Histoires de culs de sac. Pour en sortir !

Nationalistes et progressistes, mêmes racines, même combat !

Le «modèle québécois»


D’abord, définissons les deux groupes d’acteurs de cette scène. Les
nationalistes qui aspirent à l’indépendance du Québec et les progressistes
qui aspirent, en plus de la souveraineté, à une société plus égalitaire. Le
sort de chacun est étroitement lié à celui de l’autre et ils pensent peut-être tous deux que c’est le plus grand malheur de leur existence. La
coexistence est généralement pénible, et en ces temps difficiles de
remises en question du modèle québécois, plusieurs progressistes
manifestent un ras-le-bol pour la défense mitigée des nationalistes envers
la social-démocratie.
Les résultats de la dernière élection sont limpides. Le Parti Québécois
formerait le gouvernement si les progressistes souverainistes étaient tous
demeurés au bercail péquiste. Et la souveraineté ne peut se réaliser que si
le Parti Québécois prend le pouvoir. Les nationalistes doivent donc
s’entendre avec les progressistes. C’est le cul-de-sac des nationalistes.

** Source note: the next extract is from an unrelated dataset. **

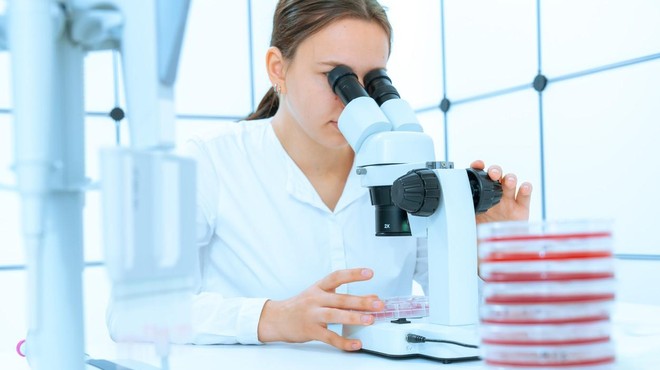 Znanost je ženskega spola: se obeta v znanosti večja enakost med spoloma? (foto: Profimedia)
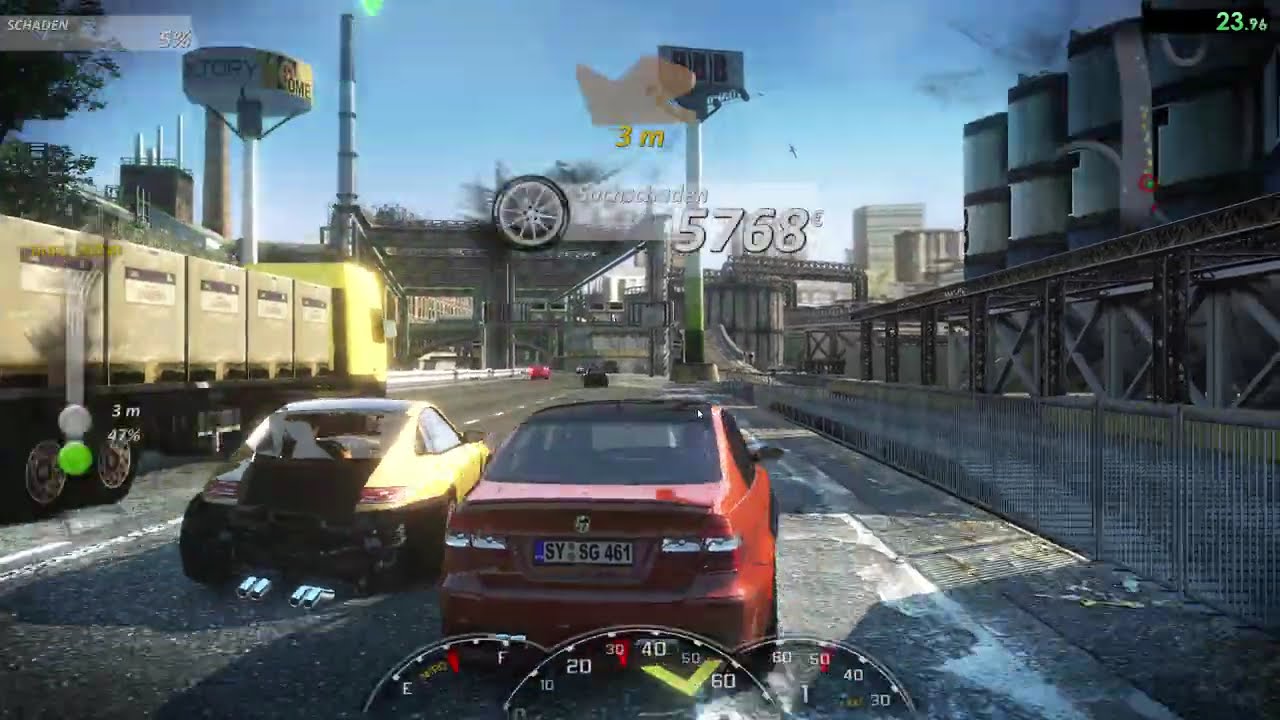 Crash Time 2 - "Always On Call" in 52:23s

Mais peu importe, les nationalistes aiment tant discuter de stratégie
qu’ils en oublient de répliquer même aux arguments des fédéralistes! Alors
pour ce qui est des états d’âme des progressistes, cela leur semble sans
intérêt ! En tout cas, plusieurs nationalistes préfèrent, semble-t-il,
réduire le Parti Québécois à la seule expression de la souveraineté plutôt
que de chercher à ressouder la coalition traditionnelle.

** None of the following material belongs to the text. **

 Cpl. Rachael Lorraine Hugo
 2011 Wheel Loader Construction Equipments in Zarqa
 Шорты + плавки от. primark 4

Les progressistes souverainistes ne peuvent pas grandir seuls car aucun
progressiste fédéraliste ne rejoindra leur formation à cause de l’idée de
l’indépendance et, sans eux, ils se condamnent à la marginalité. Ayant bien
compris le dilemme, Québec Solidaire a feint la neutralité sur la question
de l’avenir du Québec mais cette neutralité était cousue de fil blanc pour
qui connaît le passé des leaders de cette formation. Devant cette évidence,
Québec Solidaire a décidé de s'afficher ouvertement souverainiste. De cette
façon, durant la dernière élection, Québec-Solidaire s'est résigné à pêcher
dans les eaux troubles des souverainistes progressistes insatisfaits du
Parti Québécois, ce qui constitue son propre cul-de-sac.

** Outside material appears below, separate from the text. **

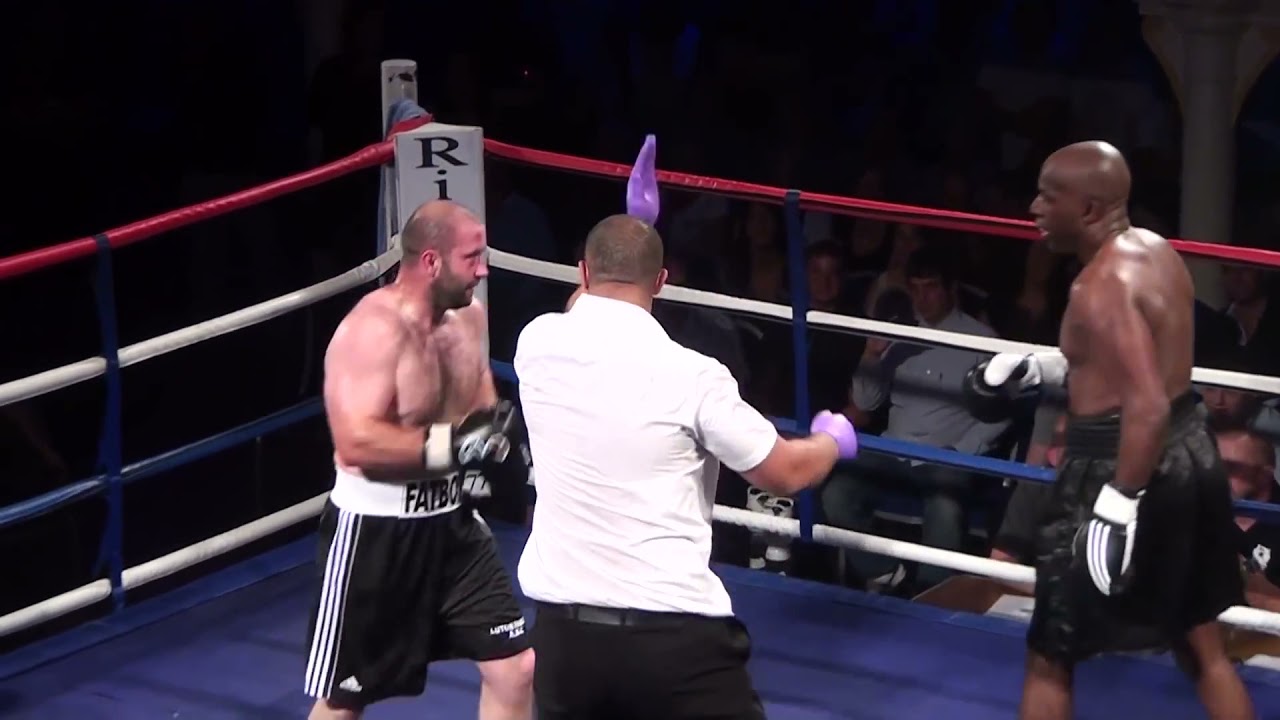 WCBC - Lords Of The Ring - Bout 10 - Liam Conroy Vs Roger Dorway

La résolution de l’impasse se trouve inscrite dans les racines du peuple
québécois. Les Québécois ont des racines chrétiennes qui les imprègnent des
valeurs de partage et de solidarité et des racines françaises, berceau de
la démocratie, de la liberté, de l’égalité et de la fraternité. L’histoire
des Québécois en Amérique du nord britannique, c’est l’histoire d’une
communauté de personnes de langue française, attirée par l’affranchissement
social offert aux individus par l’Amérique, par la suite abandonnée et sans
ressources par une conjoncture de l’histoire ; une communauté qui a bâti de
ses mains et avec son imagination, son sens de la débrouillardise et des
efforts titanesques une société moderne, largement autonome,
auto-suffisante, ouverte sur le monde et éprise de liberté individuelle.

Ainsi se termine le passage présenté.